Yes, we should sign petitions, we should gather at city buildings in protest, but we shouldn’t let our lust for instant gratification get the best of us. The pursuit of change can be frustrating, and there will be setbacks. But with each small change we commit to in our daily lives we must believe that we are altering the course of the future—if not for us then for generations to follow.

So how am I going to regain my faith in art and the art world in 2017? Through a small but consistent and ongoing gesture: by being present. No grandiose actions are needed. There will be change slowly bubbling up to the surface—the only thing constant is change—and I want to be there when it happens. Someone somewhere will do something or make something great. I want to be in the front row to applaud it: art needs (and often deserves) feeback and an audience. The sign at a middle school in my neighborhood reads “80% of life is just showing up” and this will be my motto for the New Year. We have to show up because it’s too simple to just say ‘screw it’, and the populist forces who want art to go away would love it if we all just stopped showing up.

As you can see from Glasstire’s event listings, there are lots of things happening all over this state. “GO SEE SOME ART” is what we say every week at the end of our Top 5 countdown video. Since I work at Glasstire, and probably because of it, I have to say I’ve never paid a lot of attention to the phrase—it’s just the gimmicky quip we say smilingly into the camera, or put on our promotional koozies. But those four simple words might be the key to regaining our faith in art and in this crazy world.

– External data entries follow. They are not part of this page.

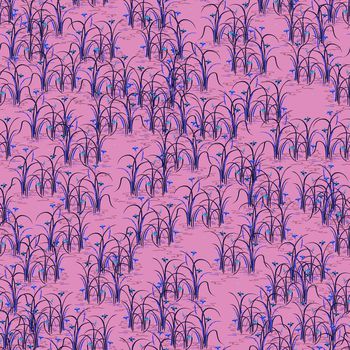 636175-水仙水稻蓝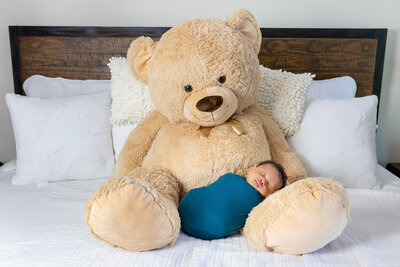 A newborn baby boy wrapped up and snuggled up on a giant teddy bear in Woodbridge, Virginia.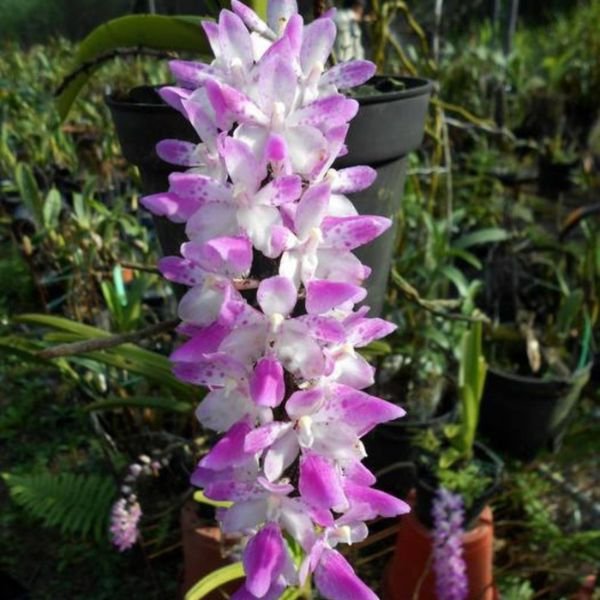 Aerides Multiflora Orchid - Image 10
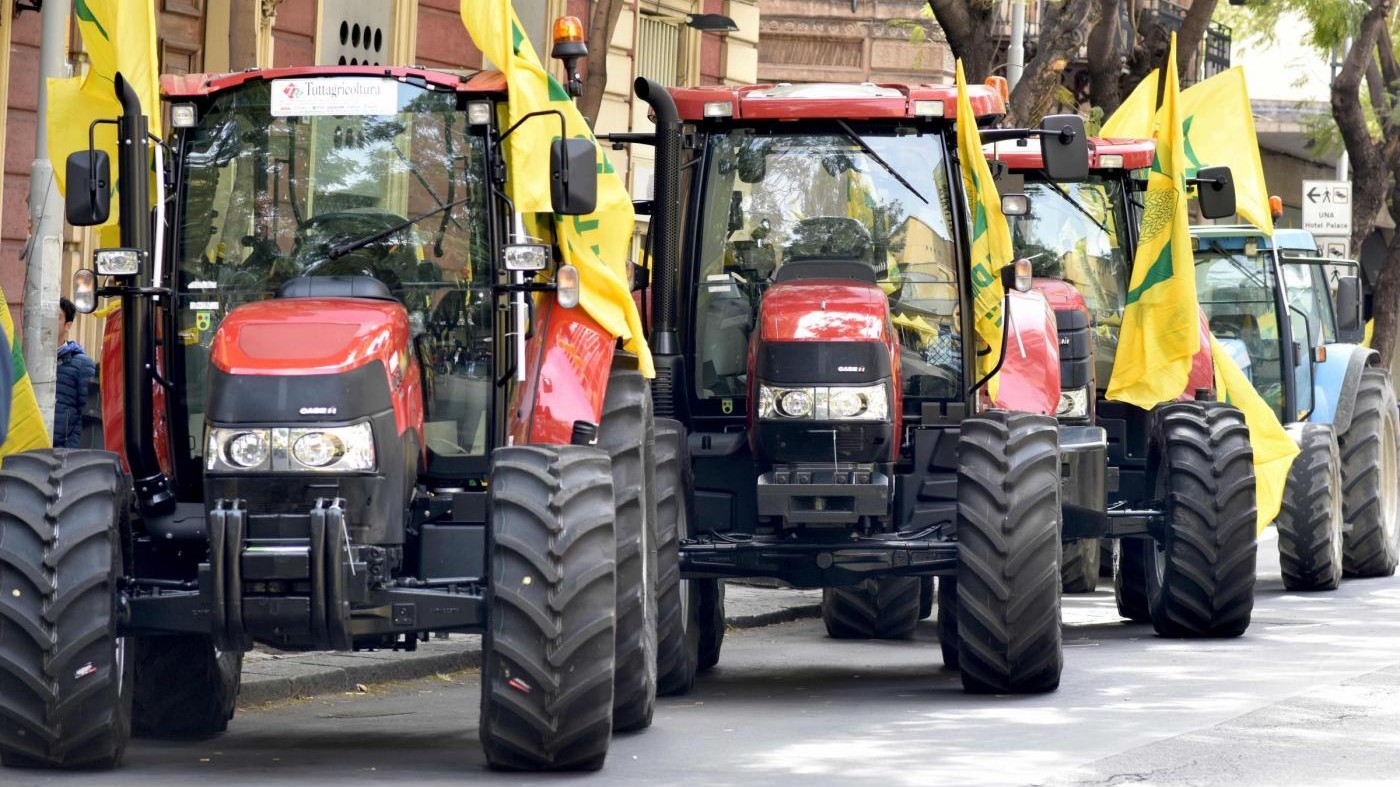 Ue, via libera a olio Tunisia senza dazi. Proteste a Catania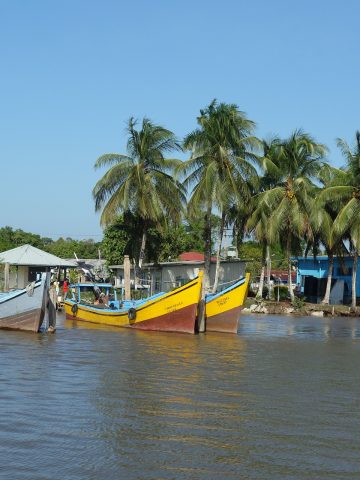 best Suriname eSim, Suriname esim, Suriname esim unlimited data, unlimited data esim Suriname, best esim for Suriname, Suriname tourist esim, esim Suriname, Suriname esim, Suriname esim for tourist, Suriname esim for tourists, Suriname prepaid esim, Prepaid eSim in Suriname, cheapest esim in Suriname, best data plan esim Suriname, Airalo Suriname Esim, Holafly Suriname eSim, Nomad eSim Suriname, MTX eSim Suriname, data eSim in Suriname, Airalo Suriname esim discount code, Holafly Suriname discount code, Nomad Suriname esim discount code, Ubigi Suriname esim discount code, GigSky Suriname eSim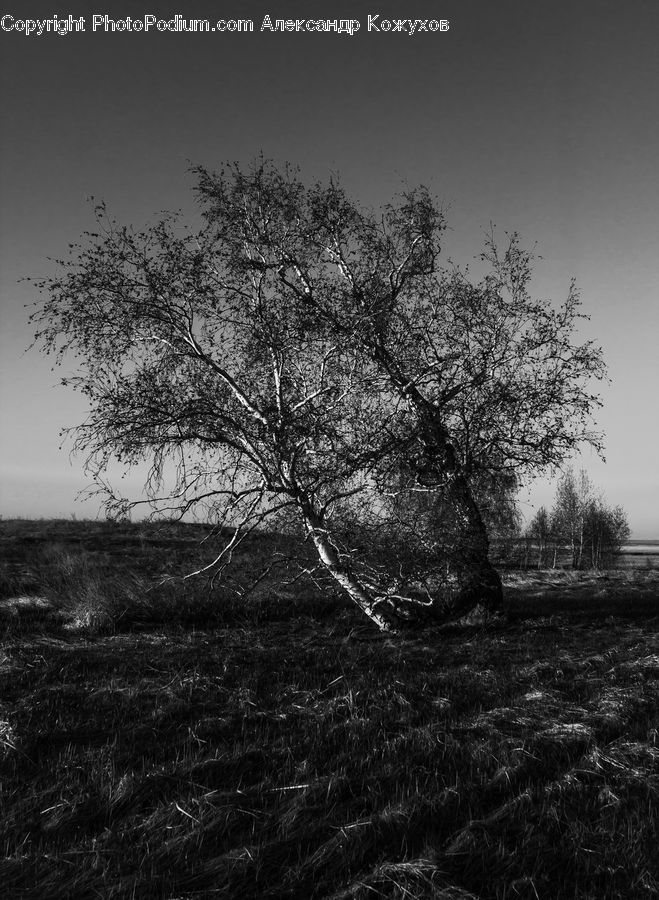 Plant, Tree, Oak, Wood, Countryside, Outdoors, Blossom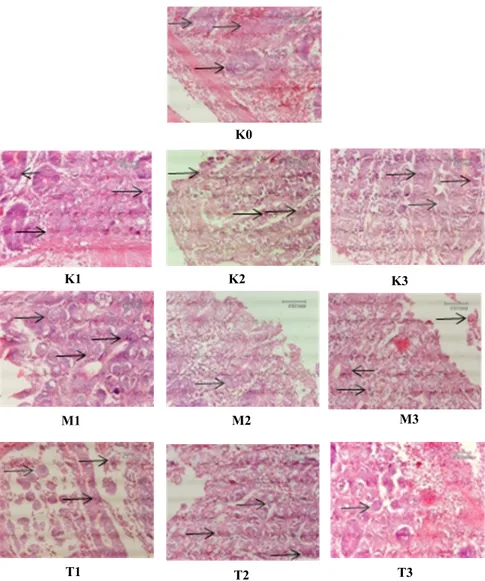 Gambar 3.  Gambaran histopatologi (mikroskopis) sekum ayam dengan perbesaran 400x yang diinfeksi 5000 ookista E.tenella per  ekor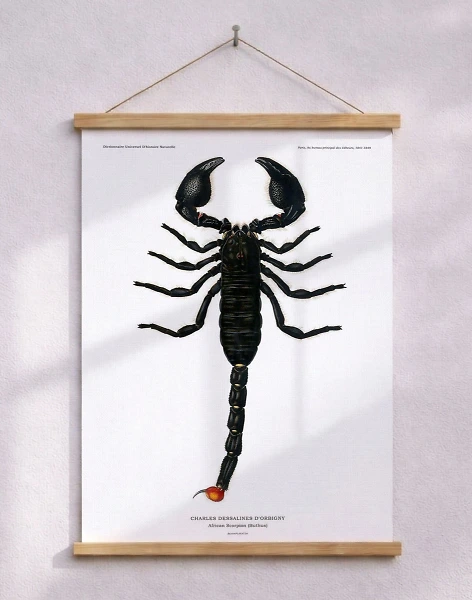 Skorpion affisch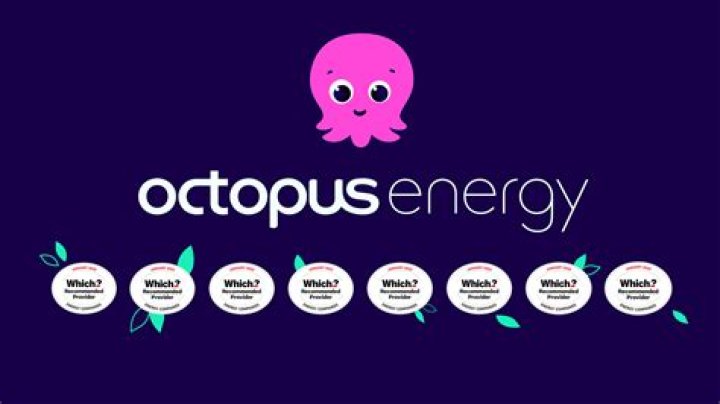 How do you use the Octopus app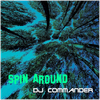 Spin Around - Fine Art Poster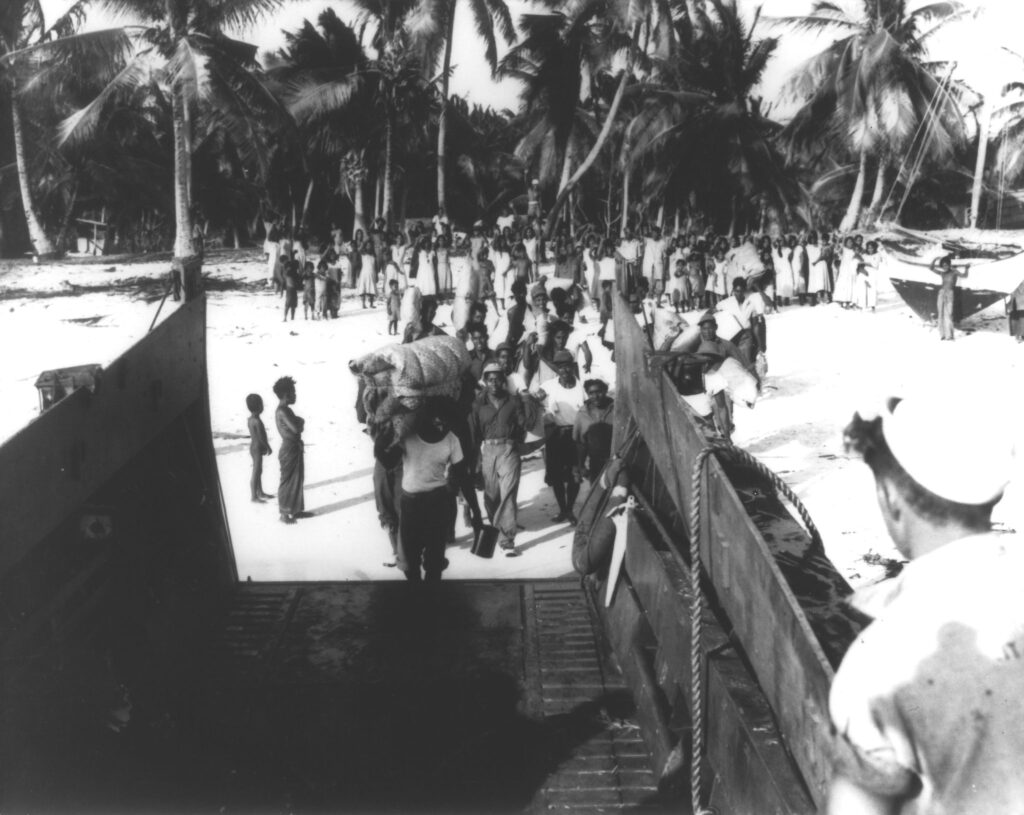 Image Credit:Jack Niedenthal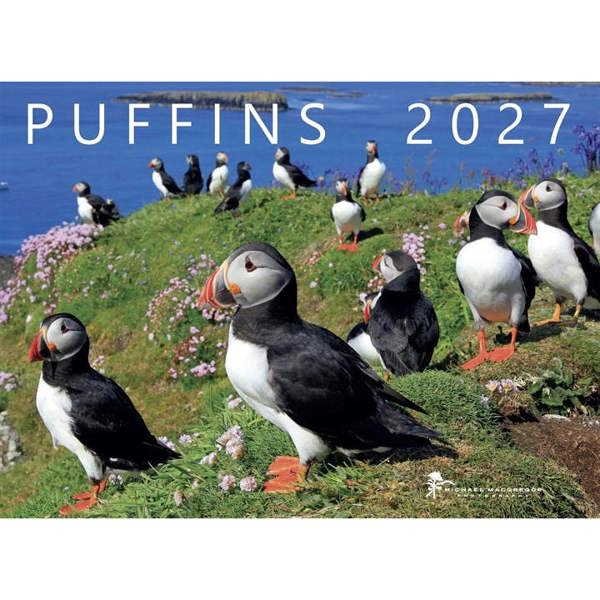 Michael MacGregor, Puffins Calendar 2027, Wall Calendars, Month To View, Animals, Gift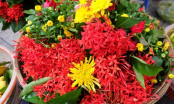 Đừng cúng hoa cúc, hoa ly mãi: Dâng 6 loại hoa này phúc lộc tràn trề, mùng 1 thắp hương cả tháng may mắn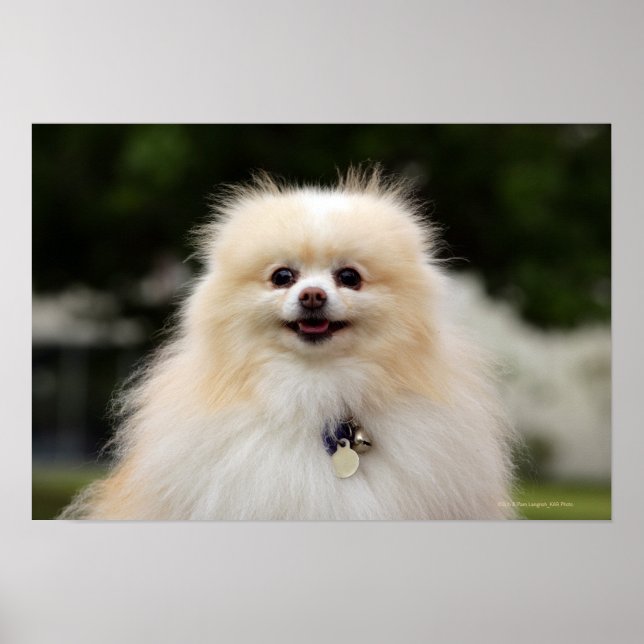 Pomeranian Headshot 1 Poster (Front)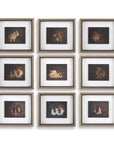 Resting Bunny - Framed Prints (Set of 9) - Dark Brown
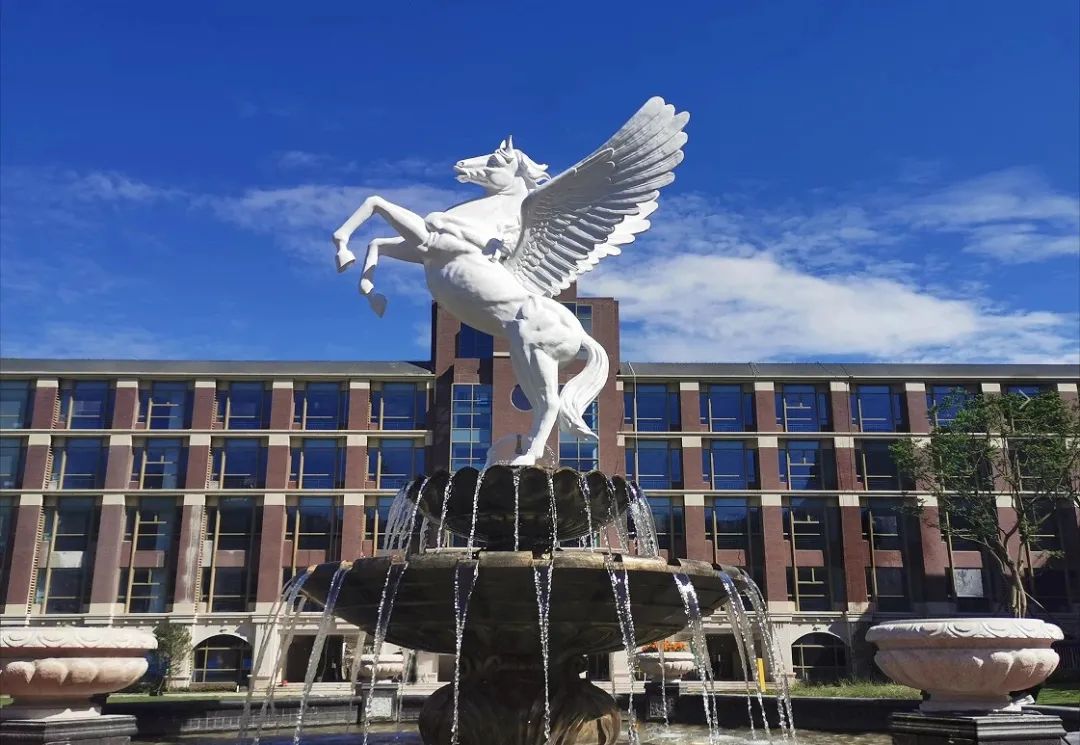 蒙彼利埃和霍森斯,霍森斯小学和蒙彼利埃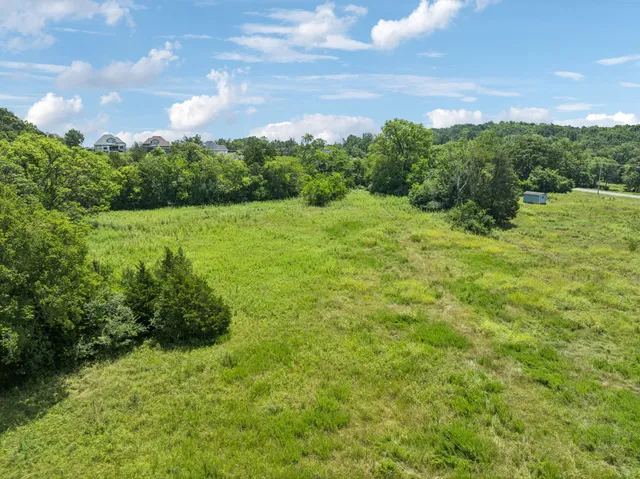 a view of a city with lush green forest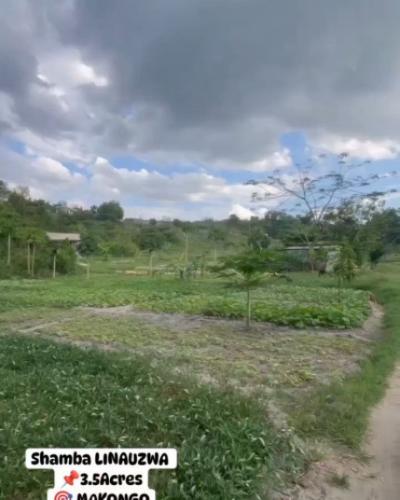 Plot for sale at Makongo, Dar Es Salaam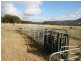 82 Robinsons Lane, Tenterfield NSW 2372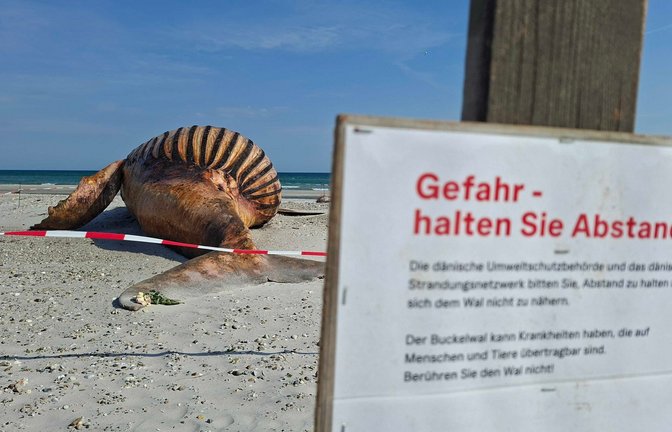 Neugierige dürfen bei der Obduktion des Buckelwals dabei sein - aber nur mit Sicherheitsabstand.<span class='image-autor'>Foto: Kai Moorschlatt/dpa</span>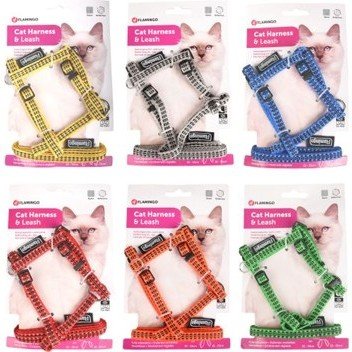 halsbandencat21102025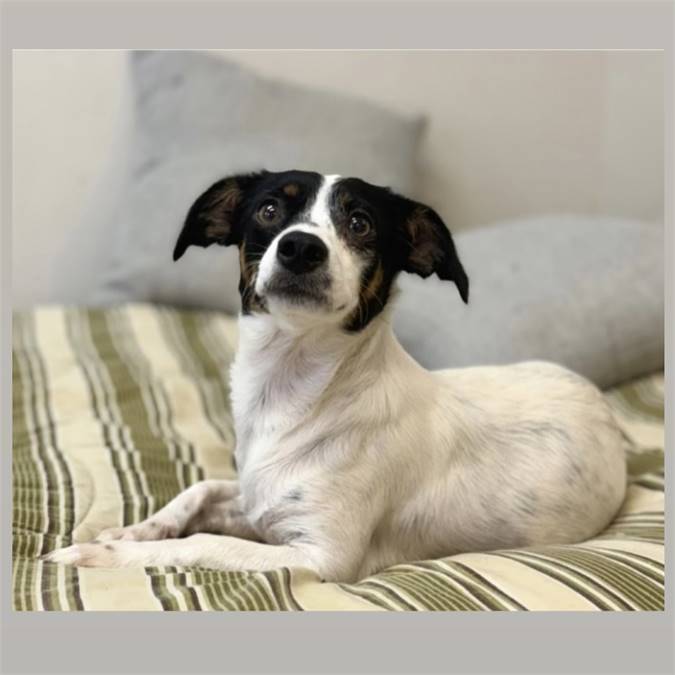 Raylyn the Rat Terrier & Dachshund Mix at Lost Paws Animal Rescue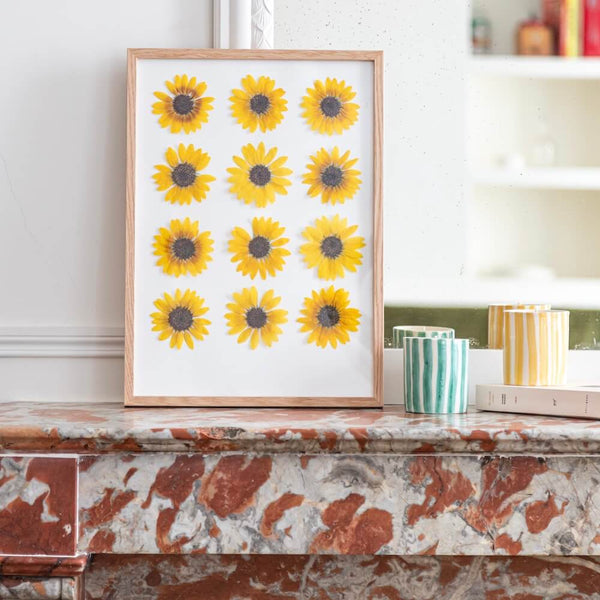 Flowrette Herbier tournesol fleurs pressées cadre jaune soleil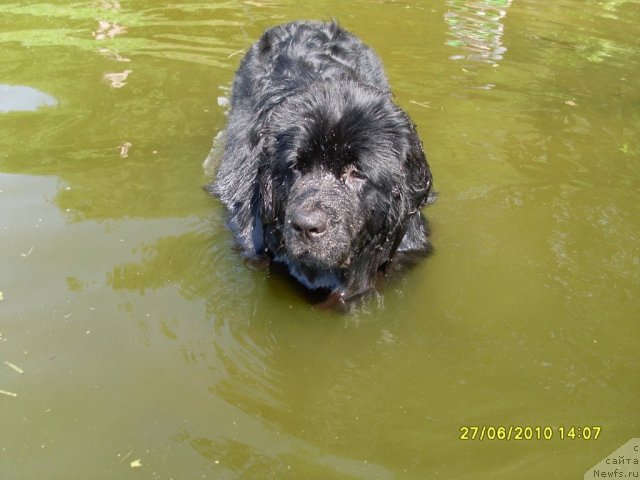 Фото: ньюфаундленд Топтыжка Друг Мой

Support your local art scene—the people and spaces that encourage conversation. Attend an opening. Maybe bring a friend who has never been. Be there for an artist nervously talking about their work. And if you like their work, tell them! Stay curious. Cram into theaters and lecture halls, into row houses and warehouses to listen to someone discuss something new with conviction. And if you can, make genuine art that matters to you—not to the gallerists or collectors or grant reviewers. And have some fun while you’re at it. I think we all need a good laugh.

We need to refocus on where we can make a difference, and have faith that in the end these small, intimate interactions will affect the larger outcome for the better. If 80% of life is just showing up then I’m going to be there.